Each term in the sum measures the vertical distance between a data point and the straight line. (Squaring the distances ensures that distances above and below the line do not cancel each other out. It is because we are minimising the distances squared that the straight line we will find is called the least squares best fit straight line.) In order to minimise $R$ we can imagine sliding the clear ruler around on the page until the line looks right; that is we can imagine varying the slope $m$ and $y$ -intercept $c$ of the line.

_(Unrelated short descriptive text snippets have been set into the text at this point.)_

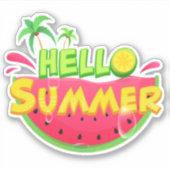 hallo sticker (Voorkant)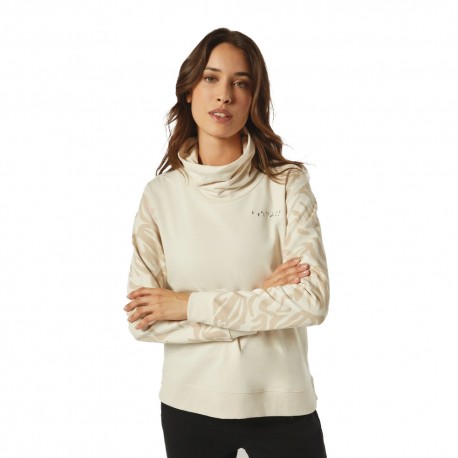 Freddy Felpa Palestra Comfort Fit Con Collo Alto Bianco Donna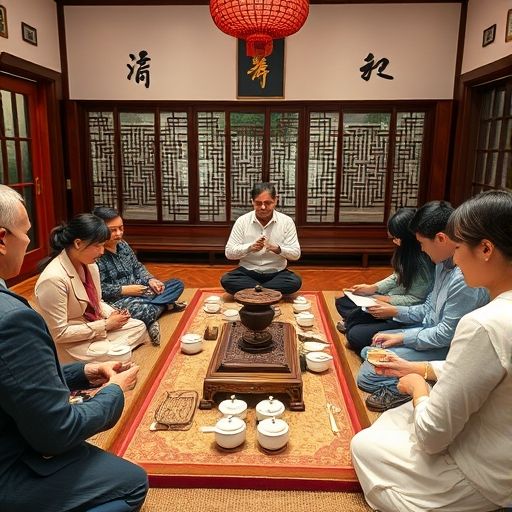 宝安茶艺学习场景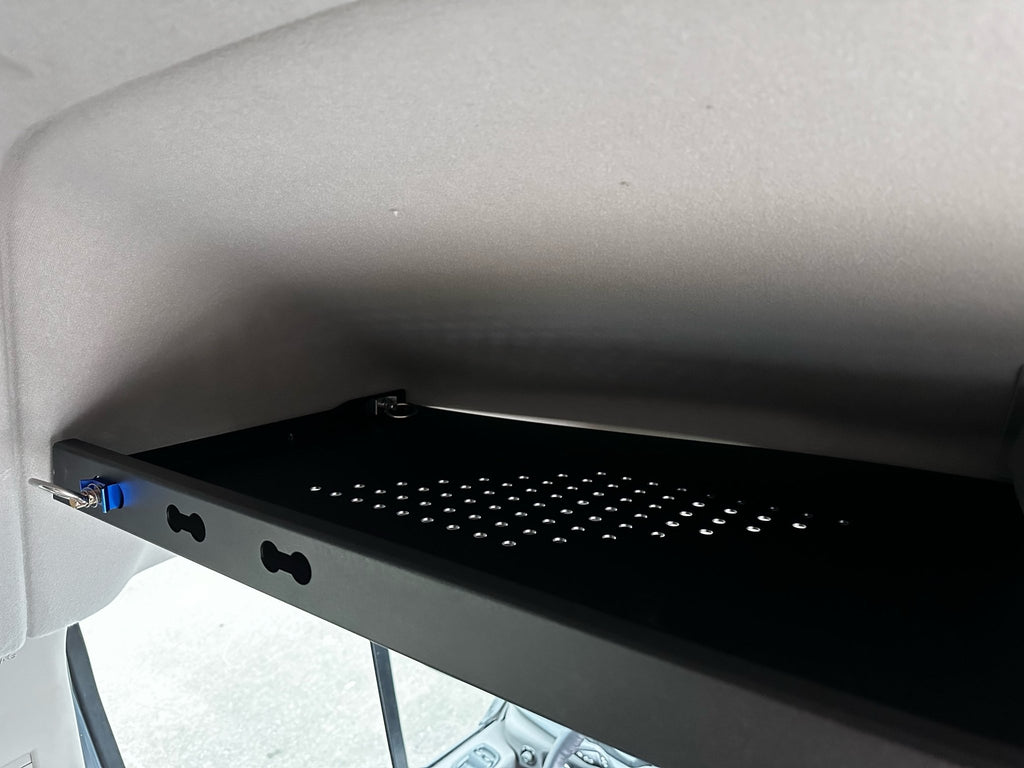 Ford Transit Headliner Shelf 3.0 Curtain Rod And Liner - Fits Mid And High Roof Vans 2014+ - Out There Vans, LLC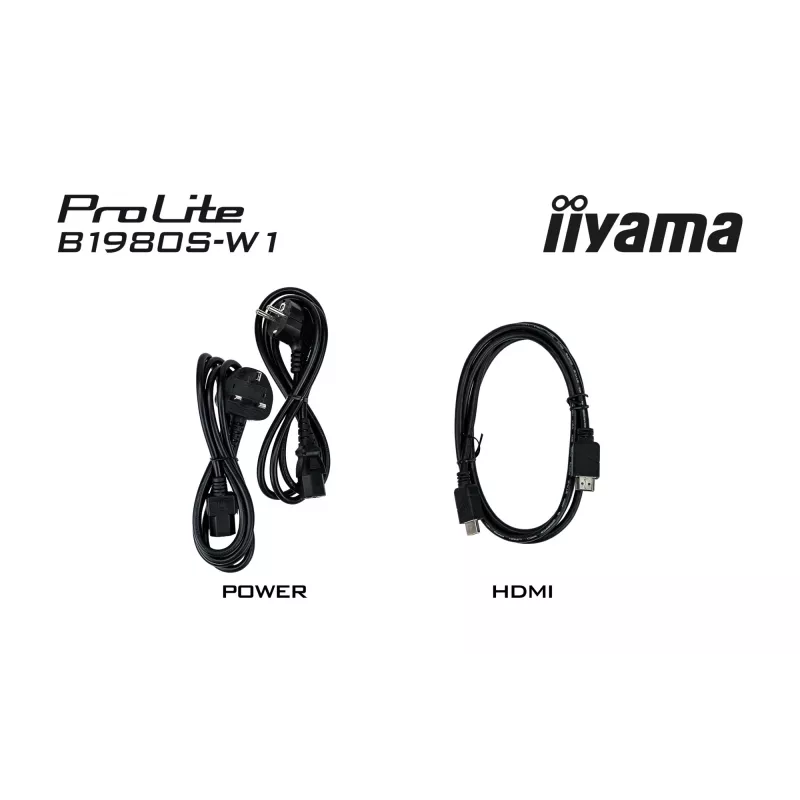 iiyama ProLite B1980S-W1 kompiuterio monitorius 48,3 cm (19 colių) 1280 x 1024 pikseliai SVGA LED Baltas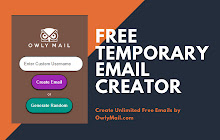 Free Temp Mail Creator small promo image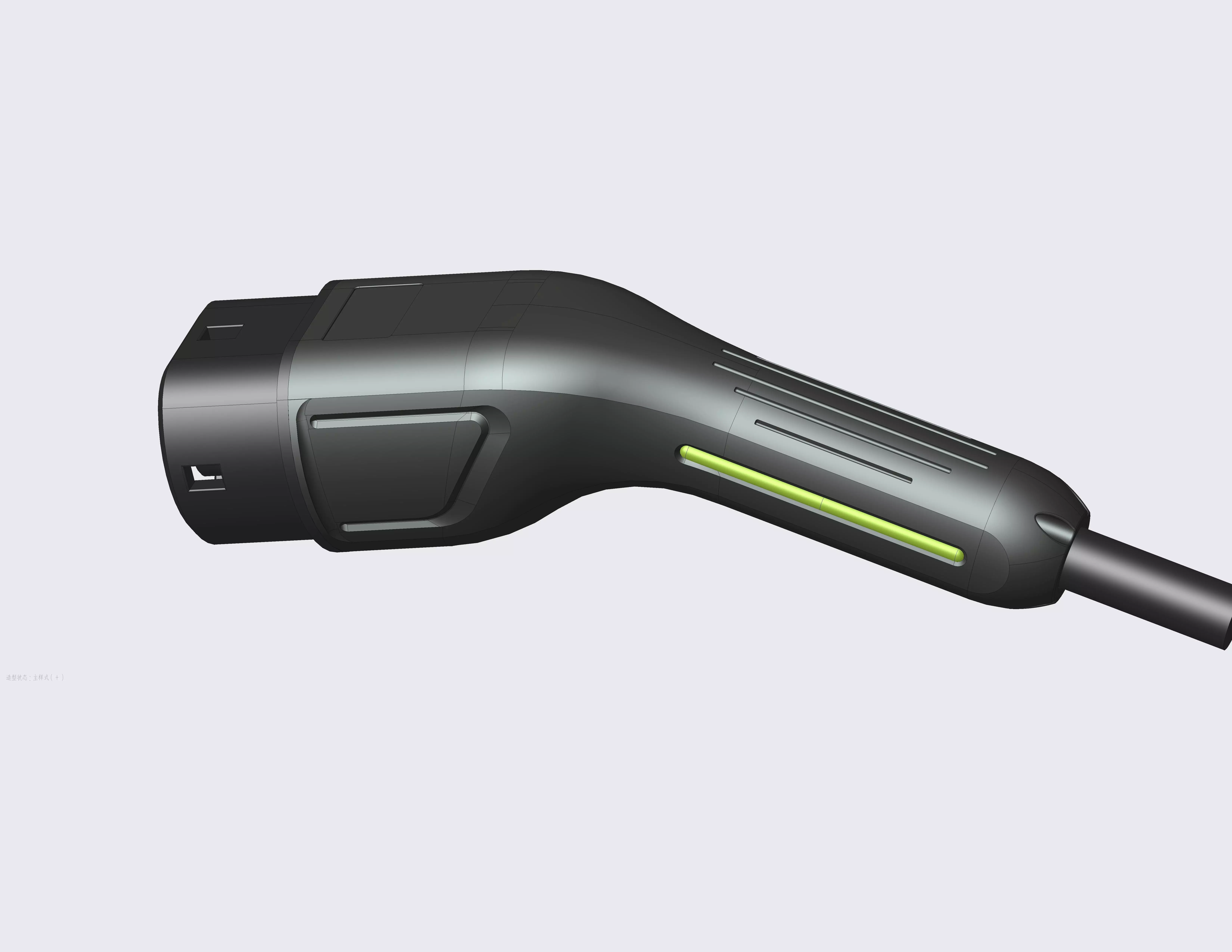 EV chargeing plug type 2 3D print model_0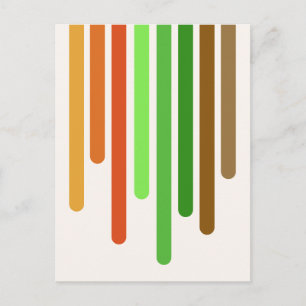 Carte Postale Gouttes de couleur (Automne)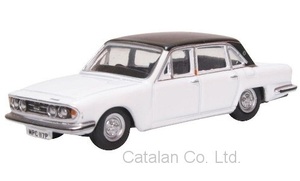 1/76 トライアンフ 白 黒 英国車 Triumph 2500 white black Oxford 60サイズ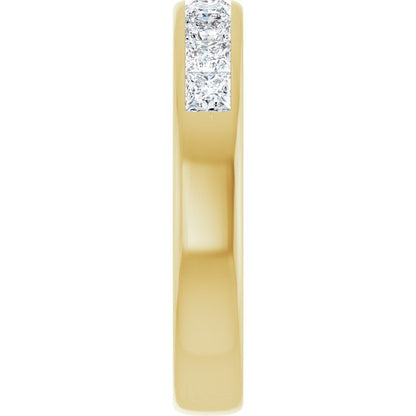 1 1/2 CTW Lab-Grown Diamond Band, 4.45 mm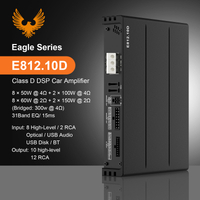 Audiowinner E810.8D - High-Power Class D Amplifier with 300W Bridging Capability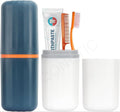 QONETIC Plastic Travel Tooth Brush Holder for Bathroom Square Toothbrush Holder for Travel,Portable Toothbrush Case&Tooth Brush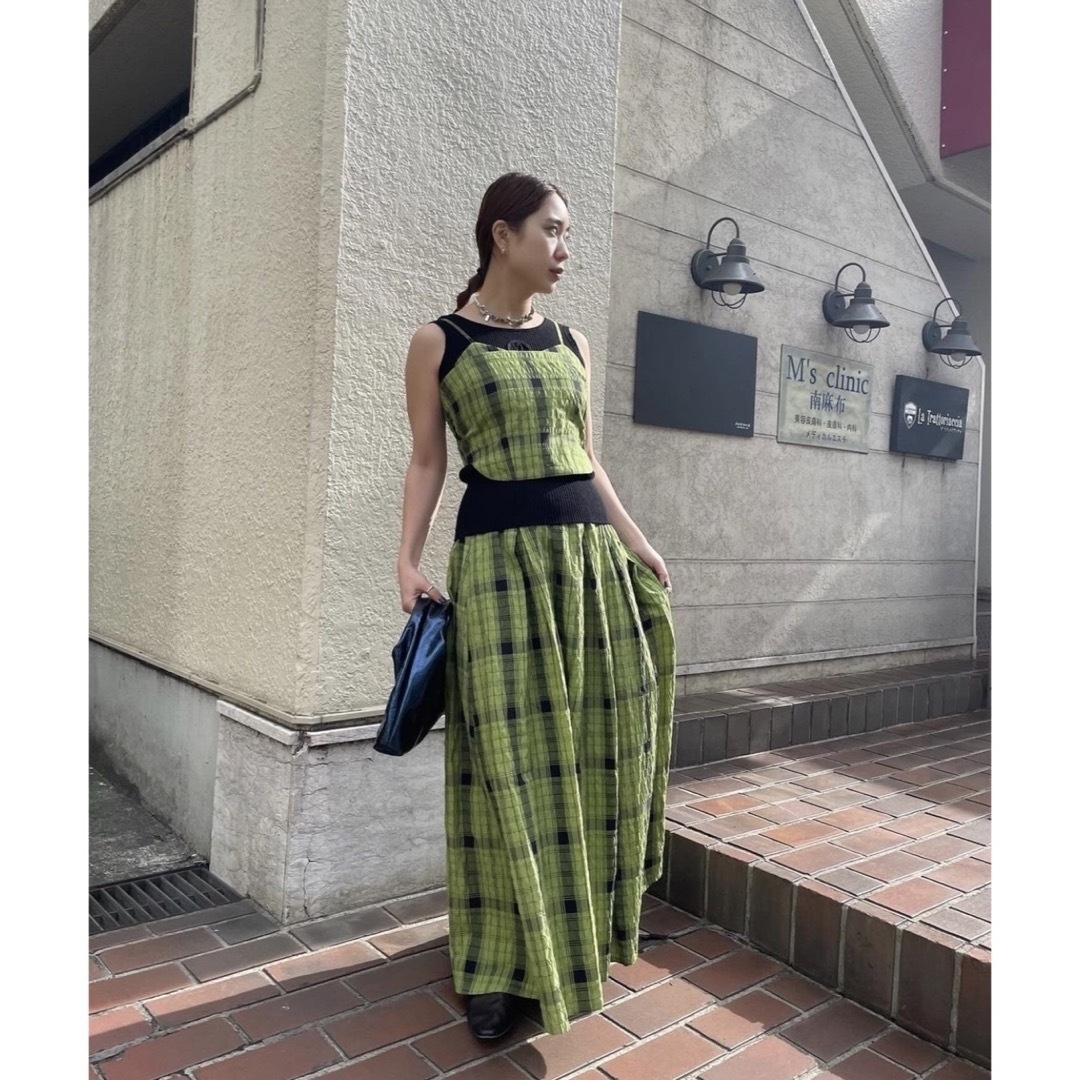 MEDI MANY WAY DEAR CHECK SET UP DRESS スカート MEDI MANY WAY DEAR CHECK SET UP DRESS スカート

We therefore think of $R$ as a function of the two variables $m$ and $c$ and, as we know from our earlier work on maxima and minima of functions, the minimisation is achieved when

$\frac{\partial R}{\partial c} = 0 and \frac{\partial R}{\partial m} = 0.$

(We know that this will correspond to a minimum because $R$ has no maximum, for whatever value $R$ takes we can always make it bigger by moving the line further away from the data points.)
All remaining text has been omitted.